昨年に引き続き、SaaS関連の情報を追いかけている。さっそく、先日おこなわれたセールスフォース・ドットコムの最新版Winter'07の記者発表会に参加してきた。Winter'07は、21世代目のバージョンであり、これまでの6年間に20回ものバージョンアップをおこなってきたことになる。
通常のライセンス購入型のソフトウェアで、こんな頻度でバージョンアップをしたならば、ユーザーから総スカンということになりかねない。当日の宇陀社長のコメントのように、メンテナンスの対象が1カ所しかないSaaSだからこそ、これは実現できたこととなる。
セールスフォース・ドットコムのバージョンアップは、「ソーシャルベースのものの作り方」だという。これはどういうことかといえば、顧客からの要望を新しいバージョンに対し機能追加するというもの。今回のWinter'07では、Ajaxをフルに用いた使いやすさ、SOX法にも対応できるワークフロー機能、また、とくに日本の顧客からの要望が強かったグループウェアへの対応とカスタマイズのさらなる強化などが追加されたとのことだ。

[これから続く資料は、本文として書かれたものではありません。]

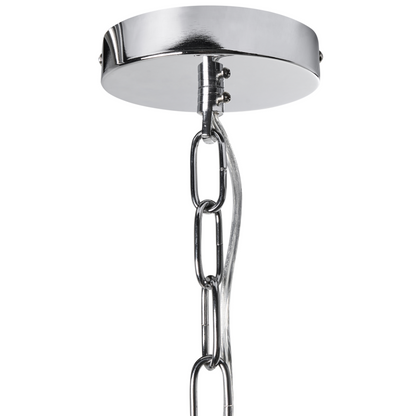 Six Light Pendant Chandelier Silver Fabric Shades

このソーシャルベースというのは、ある種オープンソースソフトウェアのコミュニティによる開発とも似ている。セールスフォース・ドットコム自身が提供するもの以外のAppExchange上のアプリケーションについても、idea exchangeというオンライン上のコミュニティのなかで意見を募り、その結果を踏まえたアプリケーション作りをするサイトも用意されているのだ。
ところで、発表会で宇陀社長が面白いことを言っていた。政府関連との意見交換の結果、日本に是非とも研究開発機関を作りたいということや、少子化対策にITを活用できないかといった話だ。最近はVoIPで柔軟なコミュニケーションを安価に実現できるので、在宅勤務も十分可能な状況になってきている。これを活用すれば、出産のために一度職場を離れた人が、ある程度時間や仕事環境に制約がある状況でも仕事に復帰しやすいだろうというのだ。実際、セールスフォース・ドットコムの最近のバージョンでは、Skypeとの連携でVoIPでシームレスにコミュニケーションをとる機能が搭載されている。
VoIPだけで、すぐに少子化対策になるとは言い切れない。しかしながらたしかにこういった発想も、IT活用の新たな1つの目的になりそうだ。効率化や利益追求だけでなく、少子化対策のような新しい価値に対しITをどう利用するか、もっと積極的に考えるべき時期にきているのかもしれない。まずは、別の価値観でいまある機能を見直せば、新しい発見につながるに違いない。